A buffer manager manages data transfers between shared memory and persistent storage and can have a significant impact on the performance of the DBMS. The PostgreSQL buffer manager works very efficiently.(一个缓冲管理器主要是管理在共享内存和**持久性储存(如硬盘, 指代database cluster存放的地方)**之间的数据变化,并且可以对DBMS的性能产生很重要的影响,pg缓冲管理器工作效率非常高)
buffer_tag
buffer_tag
由三个值组成
RelFileNode
,即relation在内存中的实际存储地址buffer tag={(16821,16384,37721),0,7}
,展现了块号为7的页面,这个页面所属的relation的oid是37721,叉号是0;这个关系又属于oid为16384的数据库中,这个数据库又位于oid为16821的表空间中) Similarly, the buffer_tag ‘{(16821, 16384, 37721), 1, 3}’ identifies the page that is in the third block of the free space map whose OID and fork number are 37721 and 1, respectively.(与这个相似的,buffer tag={(16821,16384,37721),1,3}
,展现了块号为3的页面,其oid和叉号分别为37721和1。)When a backend process modifies a page in the buffer pool (e.g., by inserting tuples), the modified page, which has not yet been flushed to storage, is referred to as a dirty page.(当一个会话服务程序修改了一个buffer pool中的页,例如插入了元组,修改过的页还没有被洗刷进固存,这样的页面被称之为脏页)
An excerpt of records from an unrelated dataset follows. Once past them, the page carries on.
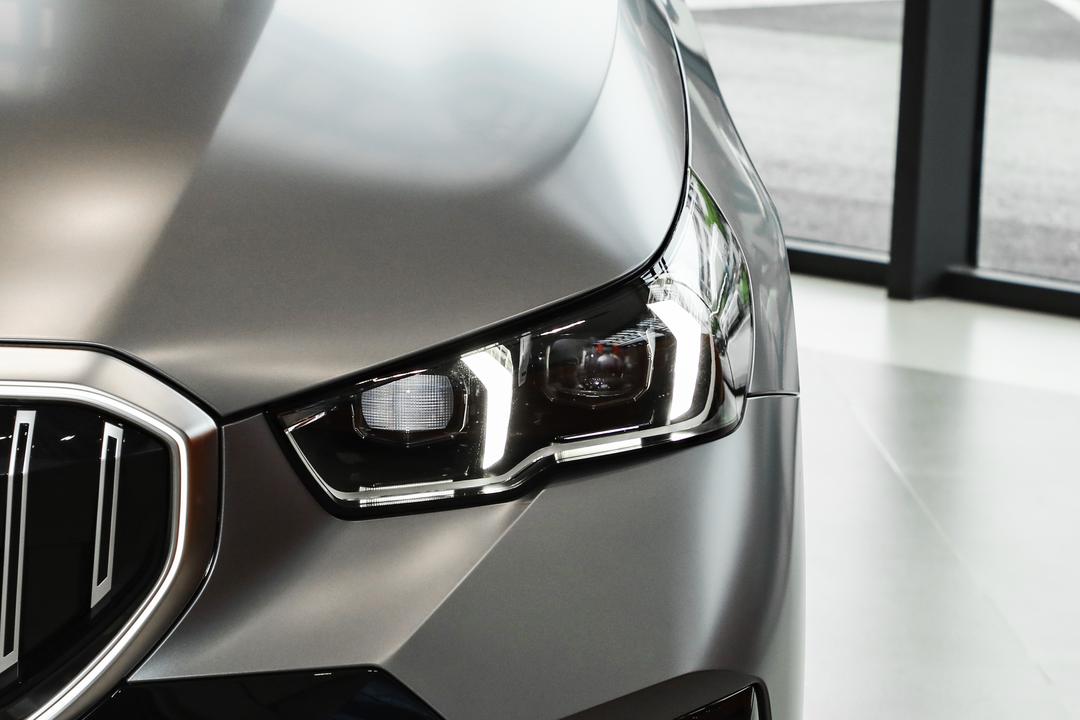 BMW 5 Series 2026, фото 11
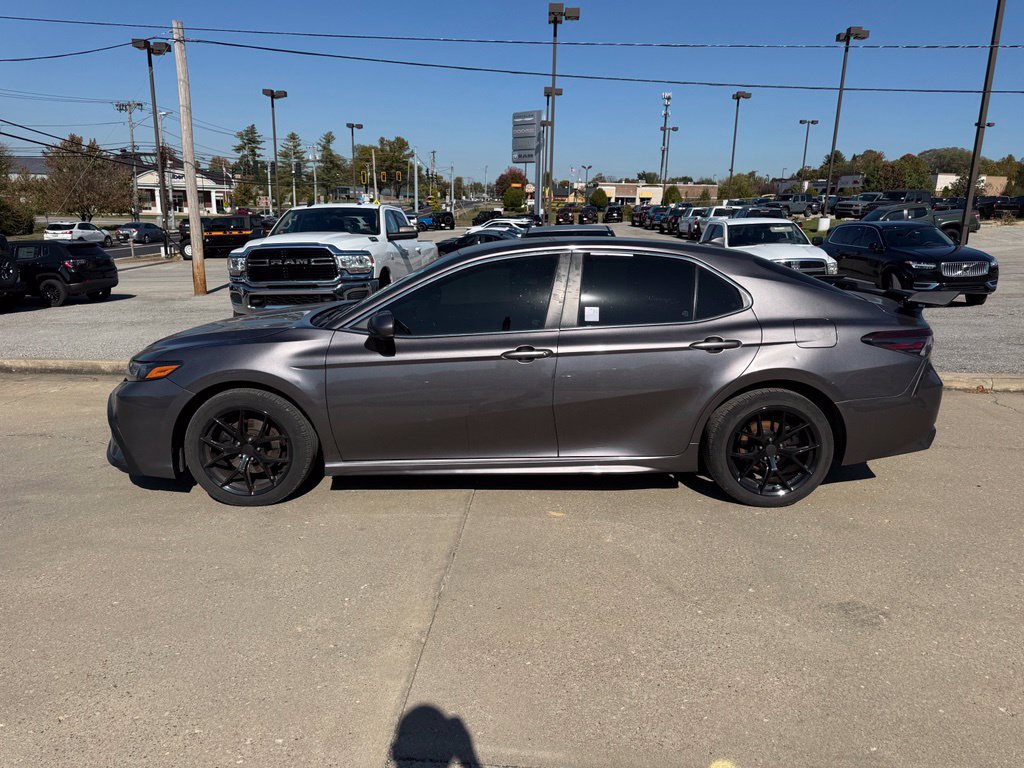 Used 2021 Toyota Camry SE FWD image 9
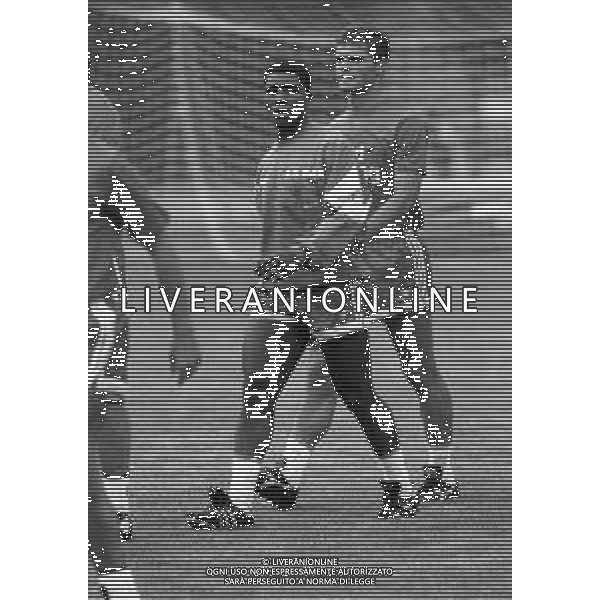 NEG- 1989 MEZZANO DI PRIMIERO RITIRO ESTIVO BARI CALCIO NELLA FOTO GERSON E MASSIMO BRAMBATI AG ALDO LIVERANI SAS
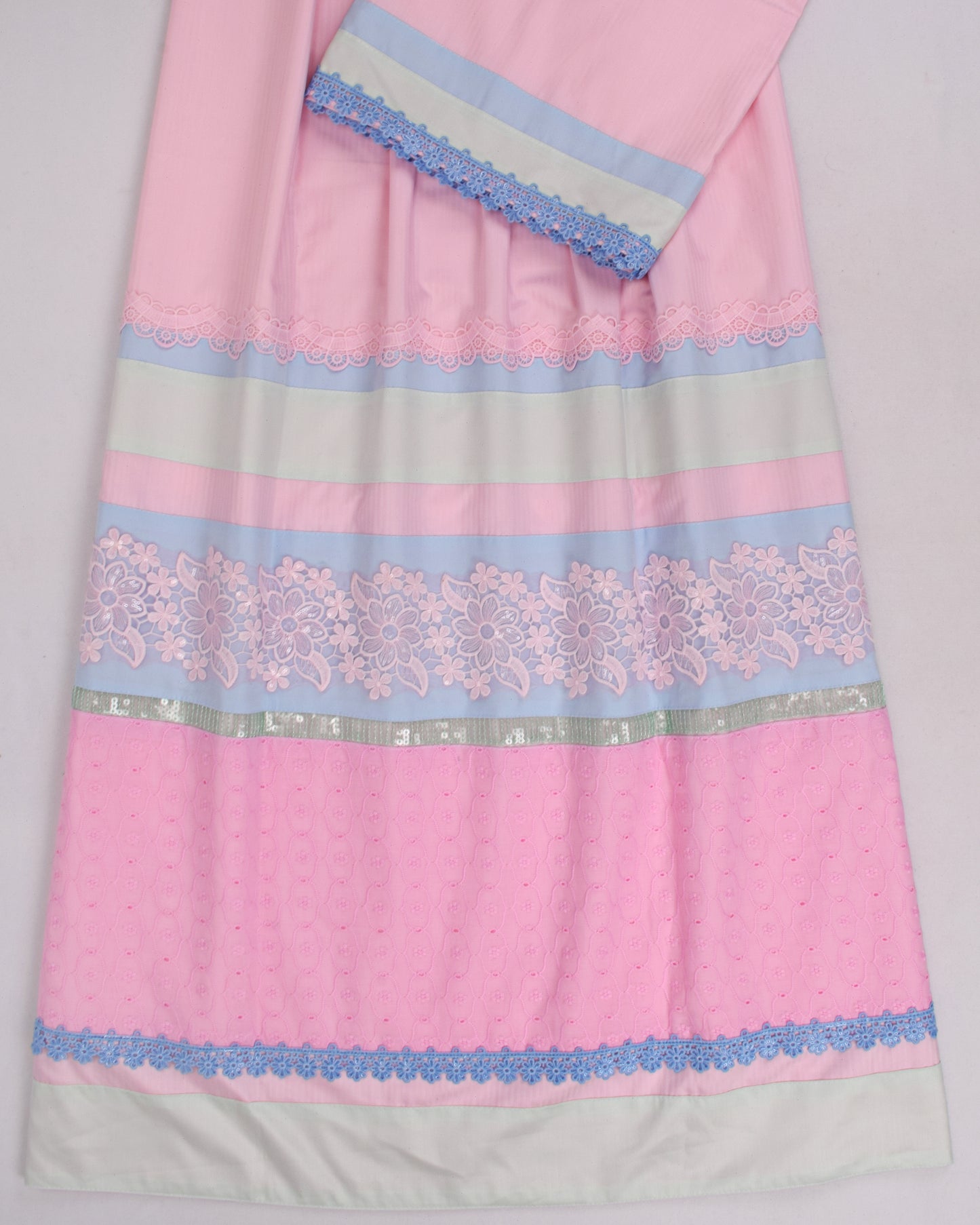 Baby Pink Rida With Smart Multi Color Pattern & Hakoba Lace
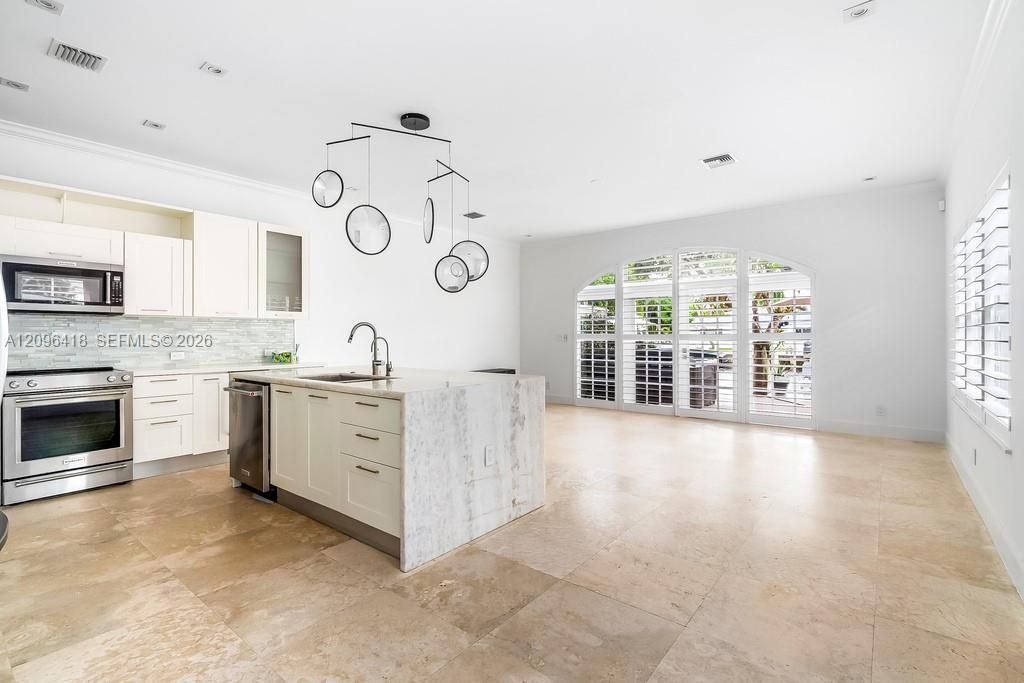 For Sale: $1,800,000 (3 beds, 3 baths, 2856 Square Feet)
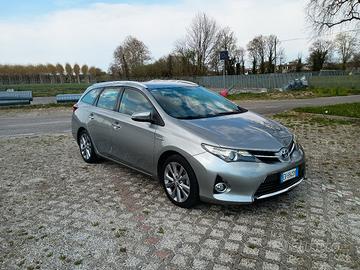 Toyota Auris TS Hybrid MY14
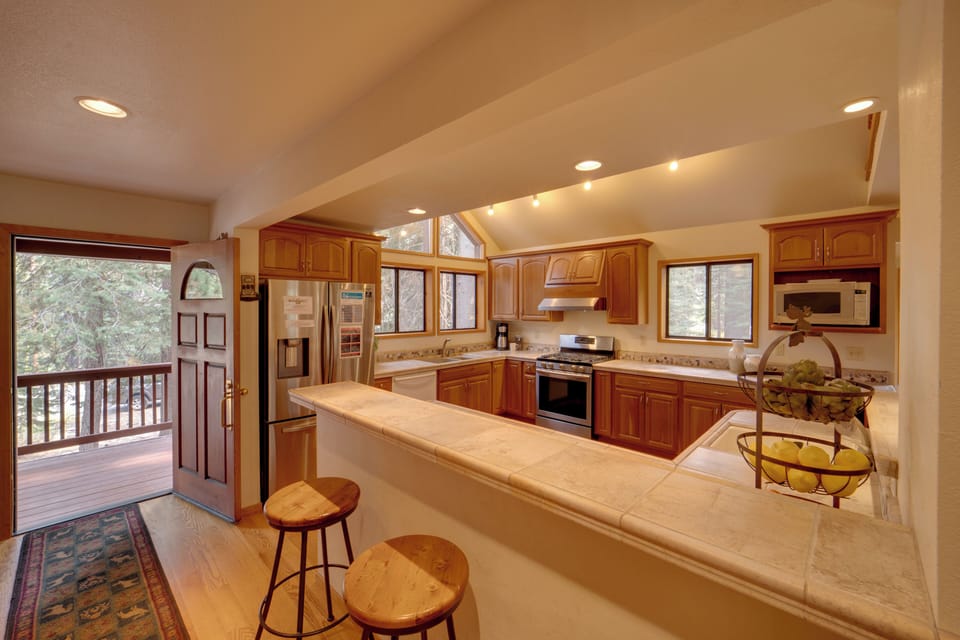 House (4 Bedrooms) | Interior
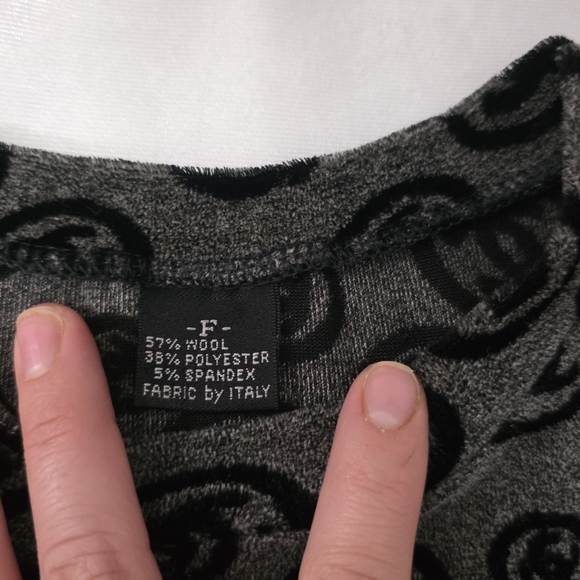 CHANEL Black and Gray Logo Pattern Top - Picture 6 of 7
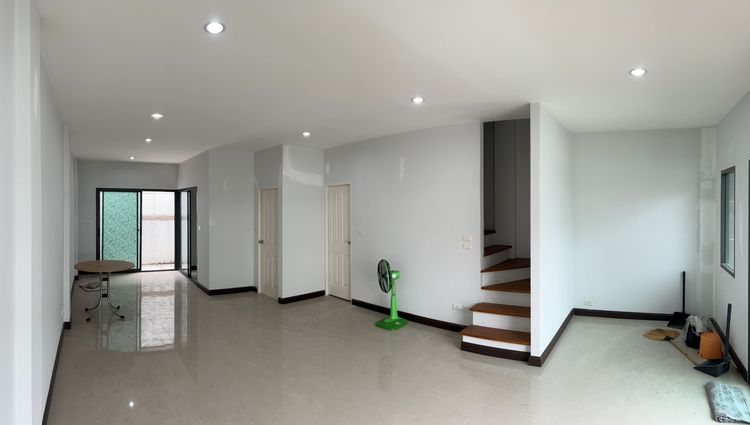 อื่นๆ ไม่มี 2016 ขายด่วน ทาวน์โฮม 2 ชั้น โครงการ Living Residence รังสิต-ราชพฤกษ์ ติดถนนใหญ่ ใกล้รถไฟฟ้าสายสีแดง 5 นาที รูปที่ 3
Section 8.4 describes how buffer manager works.(8.4小节详细地介绍了buffer manager是怎样工作的)
Tag_A, id=1
的槽,表示页面buffer id=1的buffer description存储着用Tag_A标记的页面的元数据)BufferDesc
. While this structure has many fields, mainly ones are shown in the following:(buffer descriptor保存着对应的buffer pool中保存的页的元数据,buffer descriptor 数据结构由BufferDesc
定义(放在源码区了)以下介绍BufferDesc
中主要的几个变量)
BufferTag tag;/* ID of page contained in buffer */
tag holds the buffer_tag of the stored page in the corresponding buffer pool slot (buffer tag is defined in Section 8.1.2).(tag保存存储在对应的buffer pool槽中的页的buffer_tag
,也就是{(16821,16384,37721),1,3}
这个形式的东西)int buf_id; /* buffer's index number (from 0) */
buffer_id identifies the descriptor (equivalent to the buffer_id of the corresponding buffer pool slot).(buffer_id唯一标识了descriptor,和对应的 buffer pool slot中的buffer_id是一一对应的) unsigned refcount; /* # of backends holding pins on buffer */
refcount holds the number of PostgreSQL processes currently accessing the associated stored page. It is also referred to as pin count.(relcount保存了pg正在访问buffer pool中buf_id
对应的这一个页的进程的数量,这个进程数量也被称之为pin count) When a PostgreSQL process accesses the stored page, its refcount must be incremented by 1 (refcount++). After accessing the page, its refcount must be decreased by 1 (refcount–).(当任意一个pg进程访问这一页的时候,这个变量就会+1,完成访问后这个变量就会减1)When the refcount is zero, i.e. the associated stored page is not currently being accessed, the page is unpinned; otherwise it is pinned.(当这个变量为0的时候,buf_id
对应的页就处于unpinned
状态,否则就处于pinned
的状态)uint16 usage_count; /* usage counter for clock sweep code */
usage_count holds the number of times the associated stored page has been accessed since it was loaded into the corresponding buffer pool slot. Note that usage_count is used in the page replacement algorithm (Section 8.4.4).(usage_count保存与自身相关联的存储页从被加载到buffer pool到目前为止被访问过多少次,注意usage_count
主要是用于页面替换算法)LWLockId content_lock; /* to lock access to buffer contents */
content_lock and LWLockId io_in_progress_lock;/* to wait for I/O to complete */
io_in_progress_lock are light-weight locks that are used to control access to the associated stored page. These fields are described in Section 8.3.2.(content_lock和io_in_progress_lock都是用于控制访问当前页面轻型锁,这个变量的详细介绍在8.3.2小节)BufFlags flags; /* see bit definitions above */
flags can hold several states of the associated stored page. The main states are as follows:(被存储在buffer pool中的页有几种状态,都被存储这个变量中,最主要的状态如下:)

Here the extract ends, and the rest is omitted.